== YOUR GOAL ==
With the pictures left out, write out exactly the lines of the listing below that run from the line with "1960s Vintage Chinese Cheongsam Dress" through the line with "Bestway, hydro-force, deska".

== DATA FOR PROCESSING ==

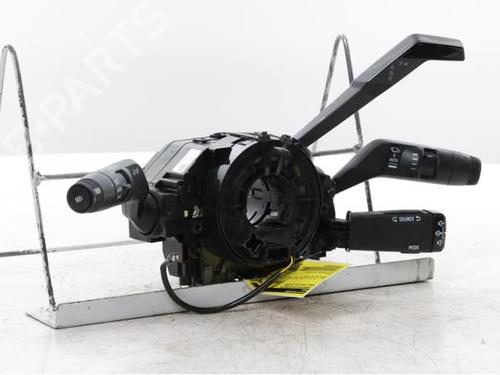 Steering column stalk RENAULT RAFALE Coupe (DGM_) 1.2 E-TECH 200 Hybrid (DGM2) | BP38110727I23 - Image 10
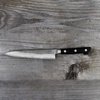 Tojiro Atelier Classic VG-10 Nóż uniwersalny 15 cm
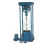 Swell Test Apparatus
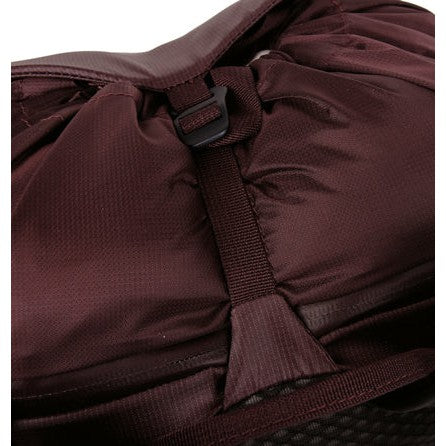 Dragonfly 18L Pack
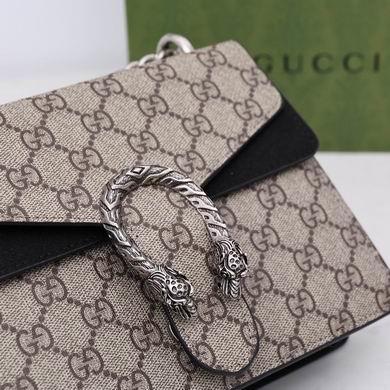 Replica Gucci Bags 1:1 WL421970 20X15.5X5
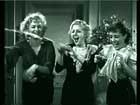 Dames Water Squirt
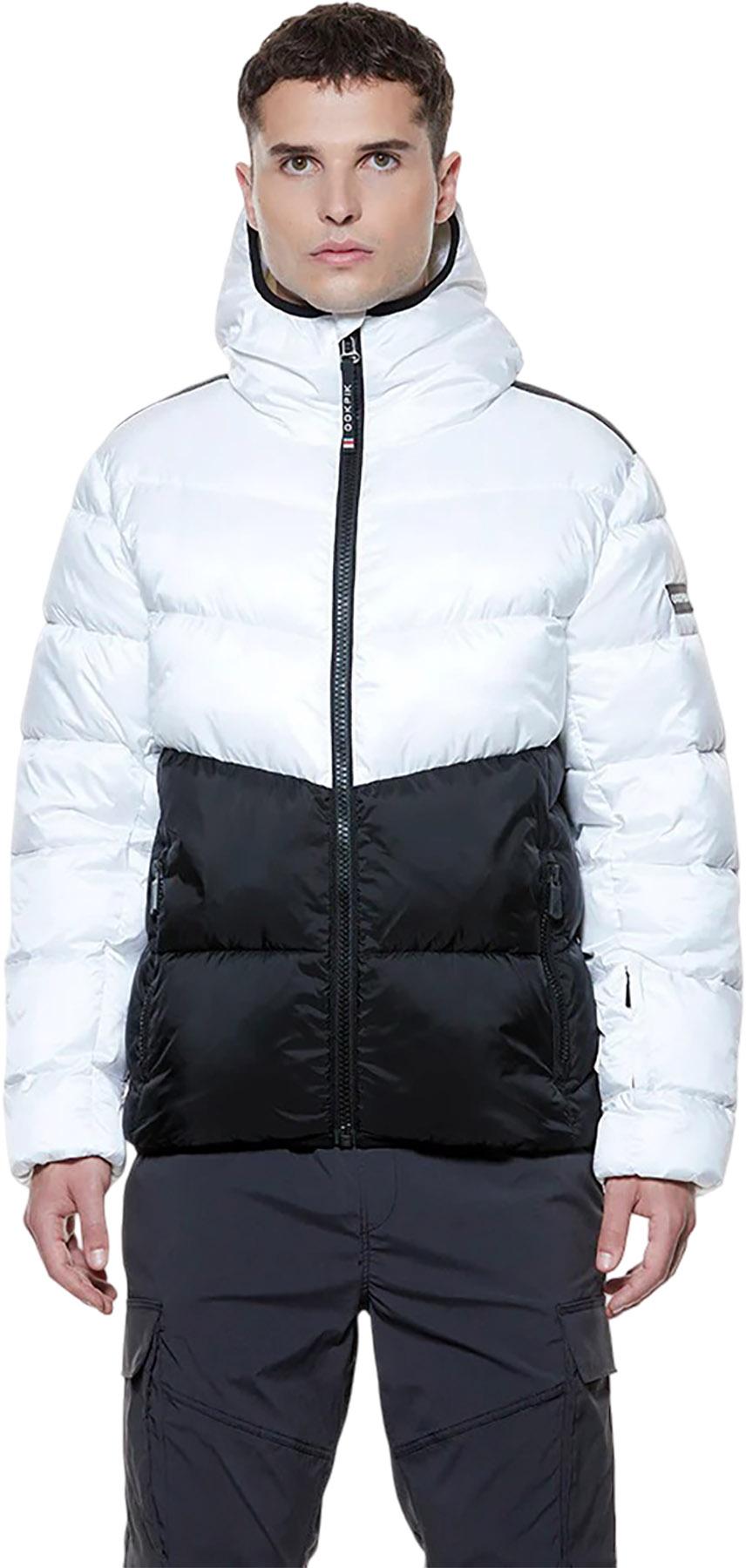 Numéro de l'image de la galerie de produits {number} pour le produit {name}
* * *
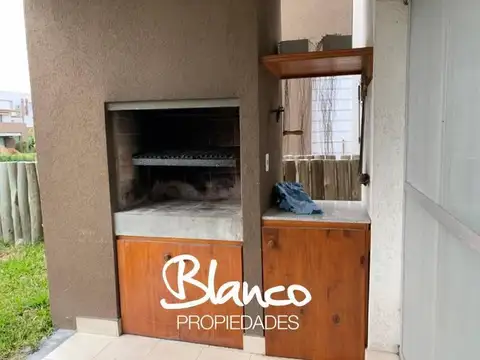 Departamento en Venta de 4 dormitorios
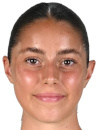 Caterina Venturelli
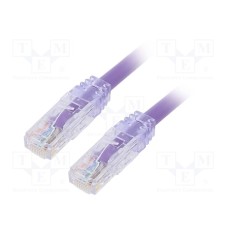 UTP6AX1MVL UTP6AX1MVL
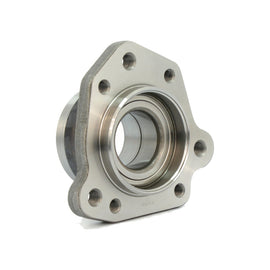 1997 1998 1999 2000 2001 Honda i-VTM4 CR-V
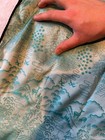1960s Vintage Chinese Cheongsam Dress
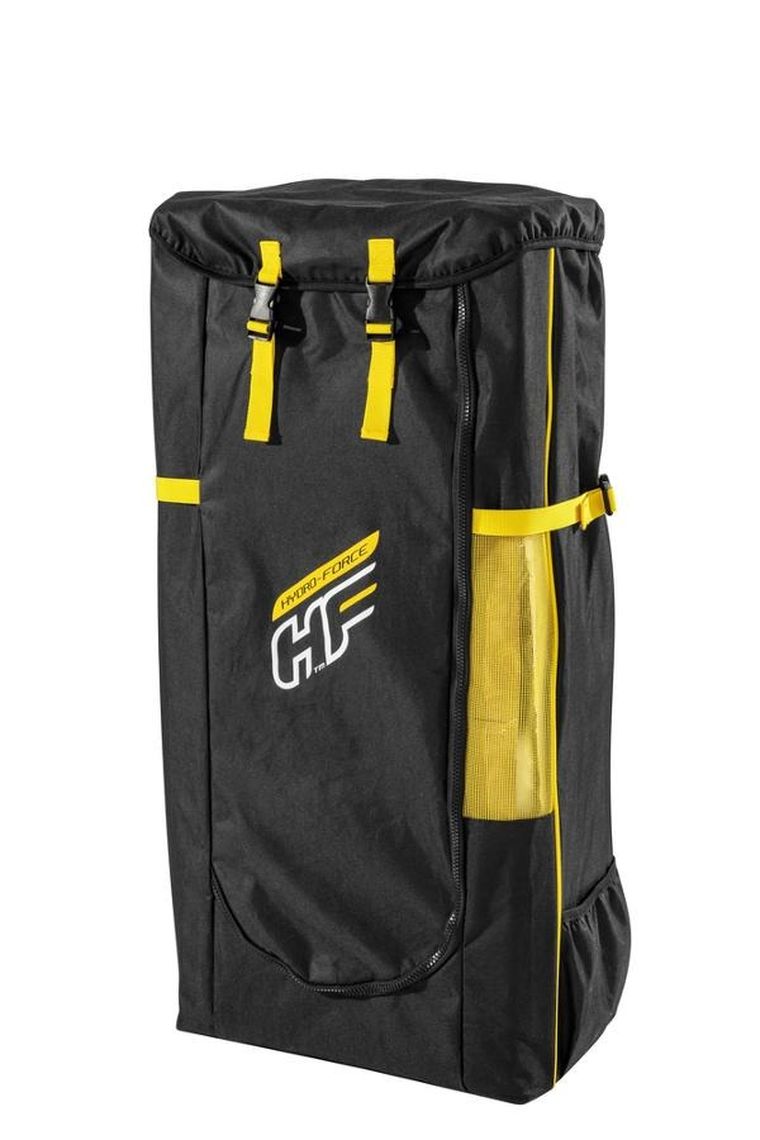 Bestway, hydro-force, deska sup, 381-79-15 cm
==
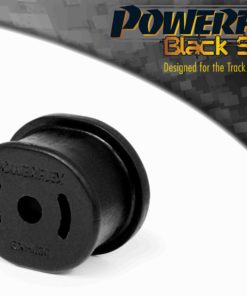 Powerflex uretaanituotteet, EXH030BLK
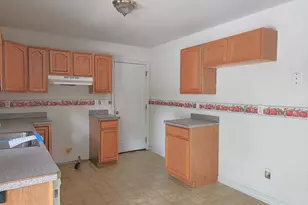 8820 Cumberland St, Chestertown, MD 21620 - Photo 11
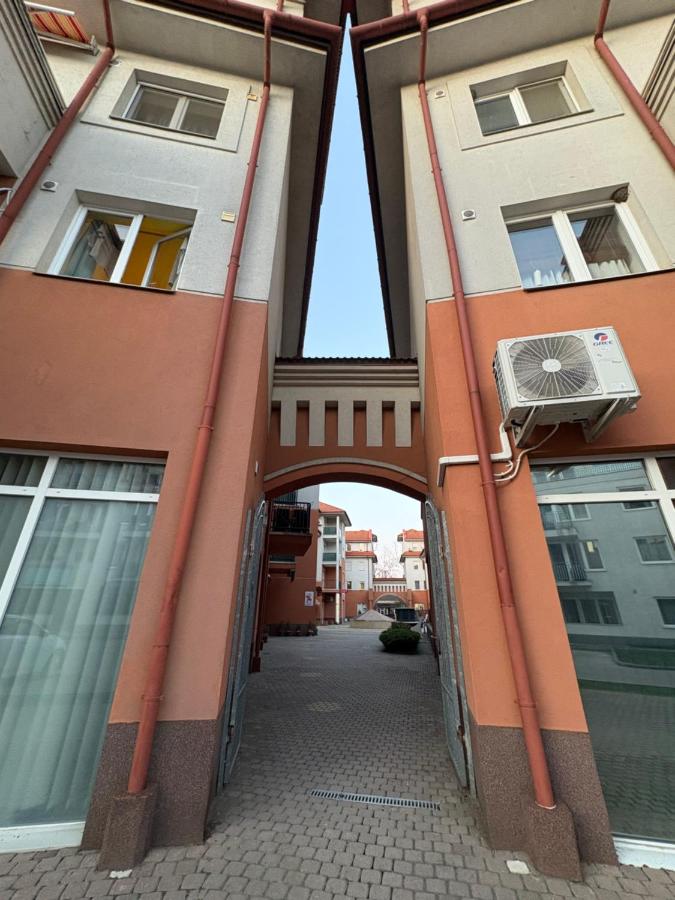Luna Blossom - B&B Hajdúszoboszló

== ANSWER BELOW ==
1960s Vintage Chinese Cheongsam Dress
 Bestway, hydro-force, deska sup, 381-79-15 cm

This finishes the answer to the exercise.